Published on Monday, November 04, 2013 in , , , , , , , , ,

Shreyas Patil's photo of playing cardsIt's time for some magic!

Don't worry, there's no complicated sleight-of-hand in these tricks. Not only does math make them easy, but you don't even have to do any math during the routines, since all the math involved has been worked out ahead of time.

I'll start with the simpler of the tricks. In this first one, you have someone think of any hour of the day, and you tap numbers on an analog watch while they silently count up to 20. When they reach 20, they say “Stop!”, and your finger is on the hour they secretly chose!

The method behind this simple trick is described in Futility Closet's On Time post.

At first, the workings may confuse you, but a little experimentation with different numbers will help you understand it. Obviously, this is also true for anyone for whom you perform it, so don't treat this as a big mystery, but rather as a simple and interesting experience.

The basic tapping presentation has a long history in magic. In Martin Gardner's book, Mathematics, Magic and Mystery, there's an entire section on tapping tricks. Thank to Google Books, you can read the entire section online for free, running from page 101 to page 107.
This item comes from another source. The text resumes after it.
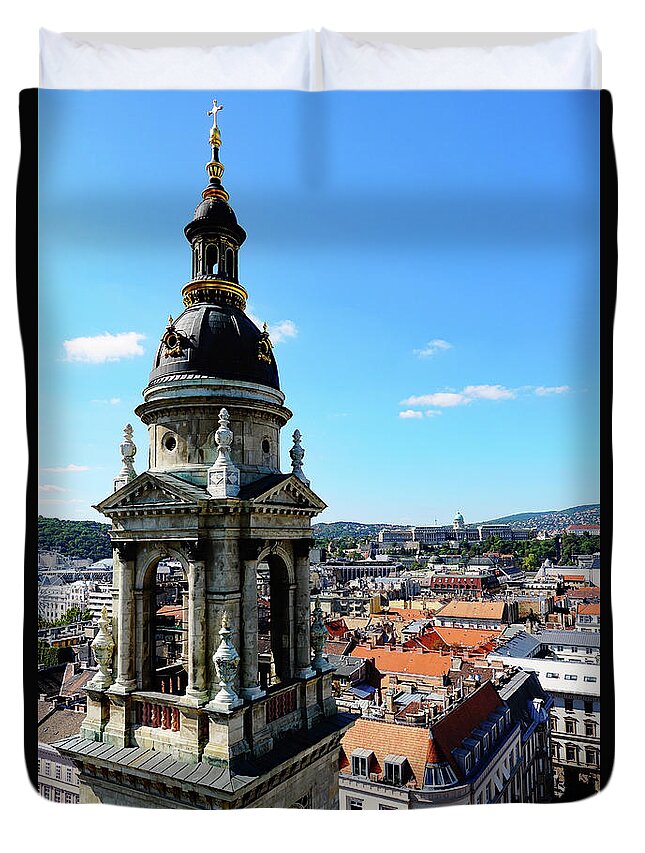 St. Stephen's Basilica Duvet Cover featuring the photograph View From The St. Stephen's Basilica In Budapest, Hungary by Rick Rosenshein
The next trick, courtesy of Card Colm, is a little more involved. You have someone name any card suit, have a regular deck of cards shuffled, and then the number cards (Ace through 9) are removed in the order in which they're found in the deck. You then make an unusual bet based on divisibility of various numbers formed by those cards.

This trick is called the $36 Gamble, and the method is found in Card Colm's post, The Sequence I Desire. Magic: When Divided, No Remainder. Beyond just the mathematical method, there's plenty to explore under the hood of this routine, including Arthur Benjamin's method for determining divisibility by 7, and a very deceptive shuffling method, which appears fair.

If you enjoy the deceptive shuffles discussed in the above post and its links, you also might enjoy Lew Brooks' book Stack Attack, which features the False False Shuffle. The false shuffle and the routines in Stack Attack mix well with the principles behind the $36 Gamble. In my 2006 review of the DVD of the same name by the same author, you can get a better idea of the contents.

Even though I've only linked to 2 tricks here, practicing them, understanding them, and digging in to the variations I've mentioned is more than enough to get your mental gears turning, so have fun exploring them!